Yeah, yeah, I'm a little late on this Easter dinner business and I'm not using well rotted compust and they aren't sprouted or in the ground as yet nor are they even in six packs but I seem to be getting vaguely similar results. These are Yukon Gold potatoes. I wonder what Joe thinks of Yukon Gold potatoes?
And finally, if you have read any of my gardening columns you'll know of my travails with that thing known as Pear Rust and how it caused me Intense Jane Austen Heroine Anguish last summer when my little pear tree (upon which I have every intention of placing a partridge come Christmas time) came out all spotted. Well, cast your eyes upon that fat red bud on that branch there! My eyes might be deceiving me but I think I see the beginnings of a Louisebonne pear. This has never ever happened before. Does this mean that my travails with rust might, just might, be a thing of the past?

(Sheila faints dead away like the woman in the Edward Gorey Masterpiece Theatre montage).

There you go. Happy gardening. From Sheila here at Radio Greenridge.


Anonymous said...

HI LITTLE PEAS!!!!!!!!!!!!!!!!!!!
Oh, they are so adorable! And so happy with all the treats you are giving them! My method of throwing them in the ground and crossing my fingers seems a little cruel after hearing about the lovely treatment you gave these peas.

I was a little horrified when I heard you'd be selling strawberry plants as well. In our house, we can never grow enough and I stick strawberry plants in wherever there is space. I can't believe you have flowers on them already - lucky you!

p.s. I never pictured you with a mustache...


Heather said...

Reading your blog is like garden torture, Shelia, now I miss my pear tree too. It looks like you had a load of blooms on yours, hopefully you'll have lots of pears.

sheila said...

(squeaky voices in unison): Hi S! We're having a lovely time over here!

Oh honestly. Pretending peas are alive.

I do have too many strawberries, although I am being very heroic about trying to fit them into what little garden space I have left. They have turned into their own Star Trek Trouble With Tribbles episode, I kid you not.

signed, Sherlock Sheila

Rebecca said...

Oh, I'll buy some of your strawberries. I can just drive up in my black car, wearing my black trench coat and sunglasses and I'll take 8 of those babies off of your hands.

Oh, I guess I should ask...

Are they they sweet and juicy kind? There are some that have really tough seeds and I'm not so keen on those...

I, too, have a terrible time growing carrots.

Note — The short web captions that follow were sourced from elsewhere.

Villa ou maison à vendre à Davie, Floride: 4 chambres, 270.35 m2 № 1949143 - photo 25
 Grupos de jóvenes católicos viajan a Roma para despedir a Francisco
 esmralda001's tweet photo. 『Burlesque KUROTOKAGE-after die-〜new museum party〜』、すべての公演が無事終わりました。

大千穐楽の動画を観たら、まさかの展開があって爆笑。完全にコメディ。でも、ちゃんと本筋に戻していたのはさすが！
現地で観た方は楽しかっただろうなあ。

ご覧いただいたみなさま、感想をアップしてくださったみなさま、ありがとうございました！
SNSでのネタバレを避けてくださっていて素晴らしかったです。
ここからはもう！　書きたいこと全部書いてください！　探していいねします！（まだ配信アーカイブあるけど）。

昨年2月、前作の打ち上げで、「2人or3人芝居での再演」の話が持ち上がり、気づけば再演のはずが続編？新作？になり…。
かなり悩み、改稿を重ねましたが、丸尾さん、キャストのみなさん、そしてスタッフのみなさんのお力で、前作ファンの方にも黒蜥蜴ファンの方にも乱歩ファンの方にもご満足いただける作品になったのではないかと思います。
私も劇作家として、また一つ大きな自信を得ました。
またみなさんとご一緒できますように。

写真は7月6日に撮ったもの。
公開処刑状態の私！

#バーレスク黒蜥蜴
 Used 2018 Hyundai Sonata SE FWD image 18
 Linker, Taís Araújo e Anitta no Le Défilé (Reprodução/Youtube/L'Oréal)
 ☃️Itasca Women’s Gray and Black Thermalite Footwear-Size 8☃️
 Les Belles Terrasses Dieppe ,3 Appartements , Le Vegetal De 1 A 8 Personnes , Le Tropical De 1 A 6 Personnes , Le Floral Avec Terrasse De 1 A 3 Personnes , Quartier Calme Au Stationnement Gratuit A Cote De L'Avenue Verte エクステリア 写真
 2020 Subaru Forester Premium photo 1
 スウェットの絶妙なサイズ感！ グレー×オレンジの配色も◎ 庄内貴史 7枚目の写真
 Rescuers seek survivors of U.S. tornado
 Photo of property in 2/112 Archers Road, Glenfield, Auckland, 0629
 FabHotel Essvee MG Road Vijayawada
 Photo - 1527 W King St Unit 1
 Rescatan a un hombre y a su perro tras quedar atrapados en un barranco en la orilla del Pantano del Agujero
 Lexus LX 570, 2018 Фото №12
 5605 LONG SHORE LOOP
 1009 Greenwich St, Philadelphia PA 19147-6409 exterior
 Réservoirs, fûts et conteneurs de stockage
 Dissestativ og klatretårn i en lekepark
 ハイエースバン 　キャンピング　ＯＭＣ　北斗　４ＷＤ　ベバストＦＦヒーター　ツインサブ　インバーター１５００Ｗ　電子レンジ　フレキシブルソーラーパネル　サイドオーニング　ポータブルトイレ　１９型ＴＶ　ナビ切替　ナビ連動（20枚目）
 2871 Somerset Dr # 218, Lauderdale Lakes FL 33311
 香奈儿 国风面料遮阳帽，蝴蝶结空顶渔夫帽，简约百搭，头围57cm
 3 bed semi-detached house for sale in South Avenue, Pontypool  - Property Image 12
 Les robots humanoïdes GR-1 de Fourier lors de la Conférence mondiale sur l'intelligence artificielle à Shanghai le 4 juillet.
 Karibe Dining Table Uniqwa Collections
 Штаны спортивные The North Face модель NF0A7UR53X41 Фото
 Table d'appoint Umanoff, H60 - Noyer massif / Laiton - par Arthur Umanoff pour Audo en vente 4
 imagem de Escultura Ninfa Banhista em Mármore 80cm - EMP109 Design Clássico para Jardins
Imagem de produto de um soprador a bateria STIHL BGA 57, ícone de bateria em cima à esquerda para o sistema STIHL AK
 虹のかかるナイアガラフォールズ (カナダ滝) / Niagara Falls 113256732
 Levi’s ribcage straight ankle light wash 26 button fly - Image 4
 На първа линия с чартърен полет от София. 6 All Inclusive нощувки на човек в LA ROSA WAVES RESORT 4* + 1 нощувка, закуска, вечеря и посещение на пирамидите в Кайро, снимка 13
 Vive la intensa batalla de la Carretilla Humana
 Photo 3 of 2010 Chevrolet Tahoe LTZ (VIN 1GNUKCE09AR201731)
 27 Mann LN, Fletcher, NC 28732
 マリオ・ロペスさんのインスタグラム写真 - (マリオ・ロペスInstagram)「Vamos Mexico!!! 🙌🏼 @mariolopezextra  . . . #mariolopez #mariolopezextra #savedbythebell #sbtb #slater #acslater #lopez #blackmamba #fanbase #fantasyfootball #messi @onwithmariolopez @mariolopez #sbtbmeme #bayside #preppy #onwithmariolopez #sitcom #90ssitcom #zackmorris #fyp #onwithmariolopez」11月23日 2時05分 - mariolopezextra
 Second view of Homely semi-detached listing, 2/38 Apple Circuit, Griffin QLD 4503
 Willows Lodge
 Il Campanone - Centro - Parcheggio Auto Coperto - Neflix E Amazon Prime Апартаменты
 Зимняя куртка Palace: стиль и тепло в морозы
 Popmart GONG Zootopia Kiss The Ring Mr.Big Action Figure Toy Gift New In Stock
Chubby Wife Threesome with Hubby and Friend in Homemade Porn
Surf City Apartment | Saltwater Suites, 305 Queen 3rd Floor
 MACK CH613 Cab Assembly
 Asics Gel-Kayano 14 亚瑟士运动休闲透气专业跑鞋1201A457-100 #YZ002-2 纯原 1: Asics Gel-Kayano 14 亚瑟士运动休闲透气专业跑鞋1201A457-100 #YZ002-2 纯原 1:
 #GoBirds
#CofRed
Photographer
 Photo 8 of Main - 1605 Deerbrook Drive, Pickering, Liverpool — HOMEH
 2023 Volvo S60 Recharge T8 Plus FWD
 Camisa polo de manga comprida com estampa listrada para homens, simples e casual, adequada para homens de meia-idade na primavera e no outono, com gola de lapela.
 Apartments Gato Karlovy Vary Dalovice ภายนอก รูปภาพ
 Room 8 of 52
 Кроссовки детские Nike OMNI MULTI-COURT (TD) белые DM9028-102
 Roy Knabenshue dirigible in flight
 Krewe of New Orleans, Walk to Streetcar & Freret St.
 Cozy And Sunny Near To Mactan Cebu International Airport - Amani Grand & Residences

Here. In this climate. I never had trouble in Alberta. Just here.

Why is that???


sheila said...

You just wait Heather! When you've got your back 400 and you're growing acres of wheat I'll send this back to you, to remind you.

Rebecca, make sure you have a silencer on that pist- err - engine. I think they are Totems. I'm not actually sure anymore. I bought the parent plants about 7 years ago and these are the babies (there's been about a zillion generations). If you feed them heavily they really are fat and juicy. The babies are smallish plants so they will come into their own next year more so than this year.

Mrs. Deeply Suburban said...

Hi from a naughty novice gardener only now sowing seeds. In our little grow op to start.

I agree with Heather. It is torture. We actually had brief snow and sleet here the other day... Some whine with those veggies?